Despite a dismal quarter for deal-making to start the year, signs continue to point toward a positive climate ahead for mergers and acquisitions.
The core elements needed for M&A — hefty cash balances, low costs of borrowing and increased confidence — are in place even though it would be hard tell by corporate behavior to start 2012.
With $184 billion in the books, M&A volume in the U.S. has dropped by fully one-third over the same period in 2011, marking the worst start to a year since 2003, according to Dealogic.

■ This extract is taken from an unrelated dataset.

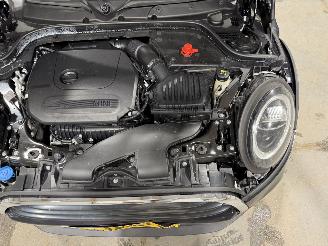 Mini Cooper 1.5 100kW Automaat Cooper Chili picture 29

This has occurred as stock market valuations remain attractive even as they continue to rise off the October lows, and business optimism is growing, at least among CEOs.
"You see evidence of renewed confidence most everywhere you look, both from businesses and consumers and investors for that matter," says James Paulsen, chief market strategist at Wells Capital Management in Minneapolis. "You'd think that would show up in M&A."
Most likely holding back the confidence it takes to get deal-making rolling has been a series of geopolitical headaches, from the sovereign debt crisis in Europe to the political gridlock in Washington.
But companies remain rife with cash, building up a $3.7 trillion stockpile — $1.2 trillion for nonfinancials — after the financial crisis thanks to accommodative monetary policy and a hesitation to put money to work in such a fragile economic environment.
Other factors, including a low cost of borrowing, are adding up to generate enthusiasm about the M&A picture.
"The perfect storm sits right offshore," Goldman Sachs analysts said in a recent research note. "A combination of high cash balances, improving confidence, low rates and slowing top-line growth augurs an uptick in M&A activity in 2012."
Goldman sees tax uncertaintyfiguring into the mix as well. With tax rates likely to rise across the board in 2013, the firm believes that could "pull forward" activity that otherwise might occur further down the road.
"While we acknowledge that many companies may prefer to engage investors in a social contract via capital returns though buybacks and dividends, we see several drivers that can support the appetite for the right consolidation opportunities," the firm said.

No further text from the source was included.